Ein Probenwochenende ist eine mehrtägige Intensivprobenphase außerhalb des gewohnten Probenorts, meist von Freitagabend bis Sonntagmittag, mit Übernachtung und gemeinsamer Verpflegung. Richtig geplant, ersetzt es sechs bis acht reguläre Probenabende und stärkt nebenbei die Gemeinschaft. Schlecht geplant, wird es ein teures Wochenende mit müden Stimmen und schlechter Laune. Der Unterschied liegt fast immer in der Wahl des Hauses.
Das richtige Haus: fünf Kriterien
- Ein Probenraum, der wirklich passt: Faustregel sind mindestens zwei bis drei Quadratmeter pro Person plus Platz für Stimmproben. Entscheidend sind Deckenhöhe und Akustik: Ein flacher Seminarraum mit Teppich schluckt jeden Chorklang. Fragt nach Fotos und Maßen, nicht nach der Eigenbeschreibung.
- Nebenräume für Stimm- und Registerproben: Zwei bis vier kleinere Räume machen den Unterschied zwischen Intensivarbeit und Dauerplenum.
- Instrument: Klavier oder Flügel im Probenraum, und zwar gestimmt. Das ist die am häufigsten enttäuschte Erwartung, deshalb explizit nachfragen und den letzten Stimmtermin erfragen.
- Alles unter einem Dach: Übernachtung, Verpflegung und Probenräume im selben Haus sparen Fahrzeit und halten die Gruppe zusammen. Bildungshäuser, Musikakademien und Jugendherbergen mit Probenräumen sind dafür gebaut.
- Erreichbarkeit: Maximal ein bis zwei Stunden Fahrt vom Heimatort. Bei größerer Entfernung kippt das Verhältnis von Reisezeit zu Probenzeit.
Kosten realistisch kalkulieren
Als Erfahrungswert für Vollpension mit zwei Übernachtungen in Bildungshäusern und Jugendherbergen gilt ein niedriger bis mittlerer dreistelliger Betrag pro Person, abhängig von Region, Zimmerstandard und Saison. Dazu kommen gegebenenfalls Raummieten, Anreise und Stimmproben-Honorare. Viele Häuser bieten Gruppenpreise ab 20 bis 30 Personen, und außerhalb der Ferienzeiten sind die Preise deutlich günstiger. Für Jugendensembles lohnt der Blick auf Förderungen von Kommunen, Landesmusikräten und Stiftungen.

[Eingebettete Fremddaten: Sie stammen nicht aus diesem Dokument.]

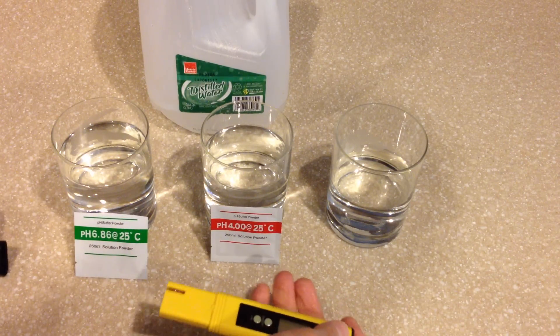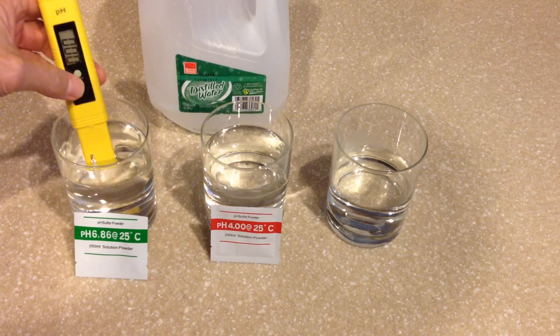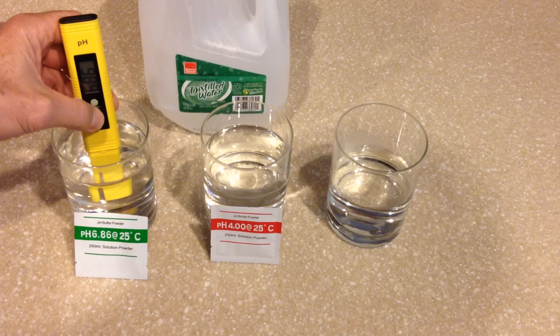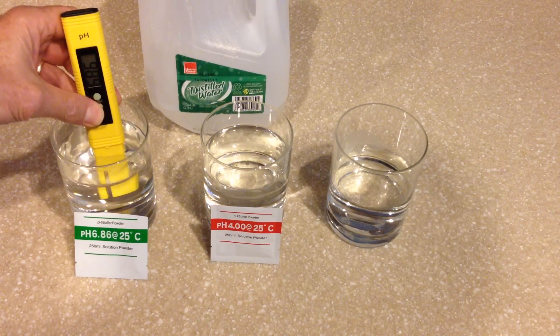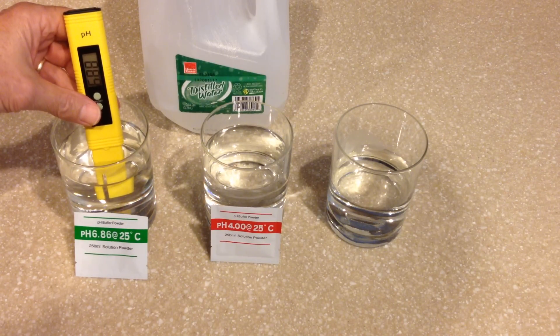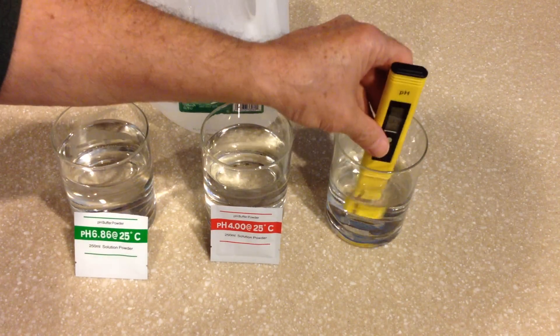So let's demonstrate how easily this happens. We're simply going to remove the protective cap, turn it on, insert the probe into the 6.86 solution, press the calibration button, hold it for three seconds and allow it to start to flash. It'll flash at 6.86, and once it stops flashing — there it is — it's stopped at 6.87, which is absolutely fine.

Die Planung in sinnvoller Reihenfolge
- 6 bis 12 Monate vorher: Termin mit dem Ensemble abstimmen, Haus anfragen und reservieren. Gute Häuser sind an Wochenenden lange im Voraus belegt.
- 3 Monate vorher: Teilnehmerzahl festzurren, Zimmeraufteilung, Sonderkost abfragen, musikalischen Ablaufplan entwerfen.
- 1 Monat vorher: Probenplan mit Pausen und Registerproben fertigstellen, Noten und Technik klären, Fahrgemeinschaften organisieren.
- Nach dem Wochenende: Kurz nachfragen, wie es allen gefallen hat, und das Haus für euch selbst bewerten. Das nächste Probenwochenende kommt bestimmt.